ABOUT THIS TASK
An exact copy of all the lines below is required, with every image left out.

PROVIDED MATERIAL
+++

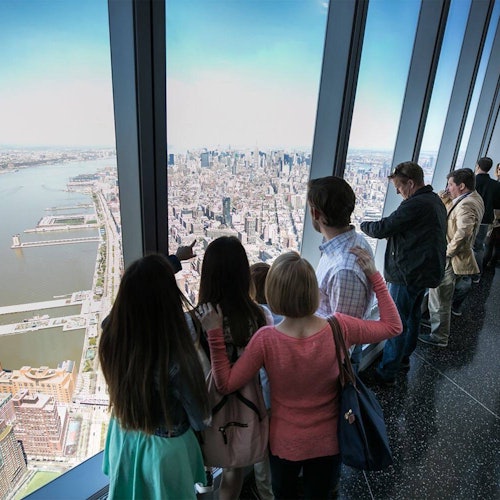 New York: Manhattan Guided Walking Tour + One World Observatory Ticket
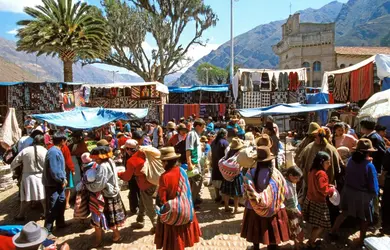 Marché de Pisac, Pérou - crédits : Michel Gounot/ Gamma-Rapho/ Getty Images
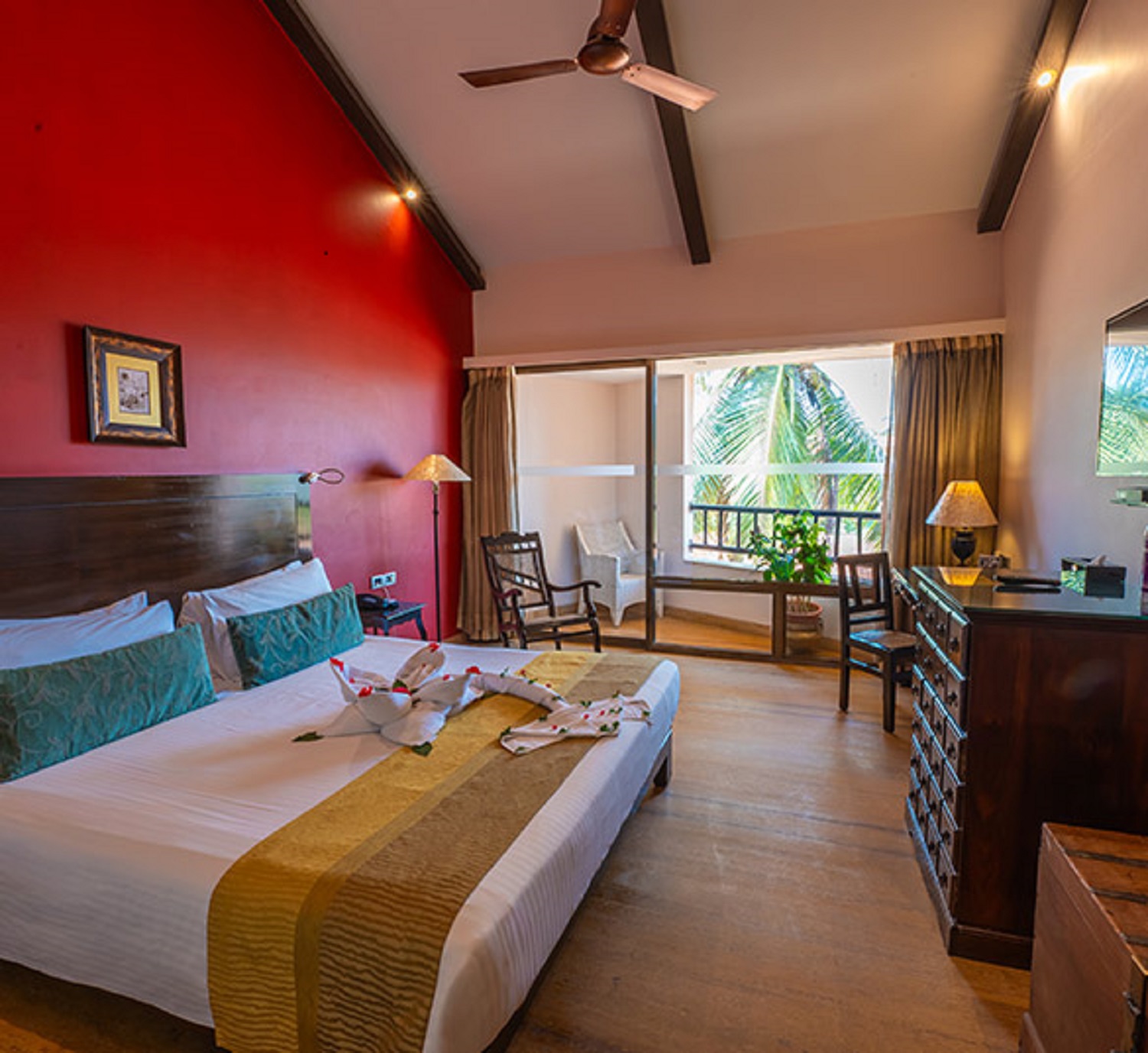 o hotel goa candolim beach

+++

SOLUTION TO THIS PROBLEM
 New York: Manhattan Guided Walking Tour + One World Observatory Ticket
 Marché de Pisac, Pérou - crédits : Michel Gounot/ Gamma-Rapho/ Getty Images
 o hotel goa candolim beach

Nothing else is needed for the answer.